I have a "new" hive (first winter - two ten-frame deeps started in April with a queenless nuc) and over the course of the summer etc. looked for mites during inspection and never saw. I know there must be some as there is the occasional deformed wing bee, although I am hoping the population is fairly low due to a period of brood absence while waiting for a new queen to be "built" and it being winter and all. I did do powdered sugar treatments in the fall.
Today I had flyers in droves because it was so warm and spent some time inspecting the flyers and the dead bees being removed. I saw no mites but it occurs to me I might be looking for something that doesn't really exist - do varroa mites stay on field bees and dead bees or would they make a point to stay INSIDE the hive? I figure since most of the mite's activity is in brood cells, they really may not leave the hive except accidentally?
I am not giving credit to mites for actually knowing when a bee is ready to fly....
- Jess
Interesting question. Anyone know??
I don't know if this will answer your question, but Friday I went to put sugar on the top of the frames. I didn't use any smoke and had bees all over my bee suit and gloves. While looking to make sure I got all the bees off, I found a mite crawling on my hand.
Right now, with no brood, I don't think they have a choice but to stay on adult bees. I, too, looked for mites all summer and thought that I had the only hive in America that didn't have mites. Until I slid the white board under the hive and discovered how wrong I was.
Mites usually hang out in the brood nest or the cluster. Finding Varroa on bees is tricky at best. You have to be pretty practiced at it to find them.
Of course they are on Field bees. Not many. but they are there.
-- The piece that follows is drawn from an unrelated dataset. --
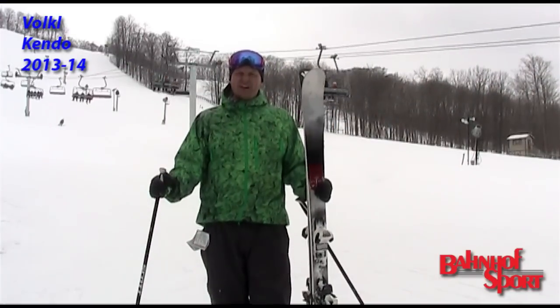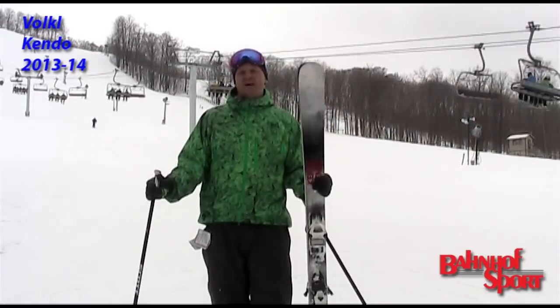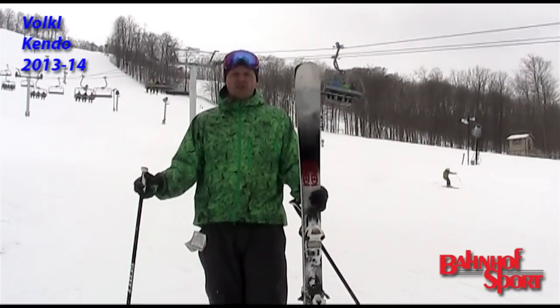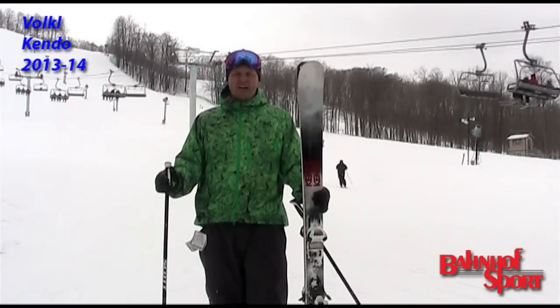Hi, Ryan Smith here, Bonhoff.com, coming to you from the 2013 MRA On Snow Test here at Boyne Mountain. Just tried the 2014 Volkl Kendo. This is a carryover model with a simple cosmetic change.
If you placed a colony with no mites into a yard with a hive with normal mite loads, the mite free hive would have them shortly afterwards. Some may say that it was solely due to the nurse bees being unfamiliar with hive orientation after a cleansing flight, and going into the wrong hive.
But if you take a hive in the same situation above, and actually locate it 50 feet away, so no drift would be an issue, the same would happen.
Mites have been known to transfer between bees on flowers.
personally I always figured if one hive was dieing from mites the another hive robbed it out the just got rides from the robbers to the new hive.
Quote from: TwT on January 25, 2009, 11:09:56 AM
personally I always figured if one hive was dieing from mites the another hive robbed it out the just got rides from the robbers to the new hive.
That's one way for sure.
Upon performing a sticky board test one time, I found an alive mite on the board. I wanted to examine it really closely and so I put it on a white piece of paper and watched it. I was shocked, beyond shocked at how fast this mite could run, no wonder they can hitch a ride on a bee, they can travel really quickly. Beautiful day in this great life. Cindi
My state bee inspector says the number one way varroa travel from hive to hive is on drones. The drones can and do fly around and go into any hive they find when hungry. The hive will accept any drone, feed it, and allow it to go on it's way. Thus carrying mites from one to the other.
I found mites on a dying bee that was on the ground in front of one of my hives. In fact there were 3 mites on one bee. I also had some deformed wing cases. These are carniolan bees. Seem to be doing fine now. Building up, lots of egg, uncapped and capped brood. So, yes it is possible to find mites on bees outside of the hive.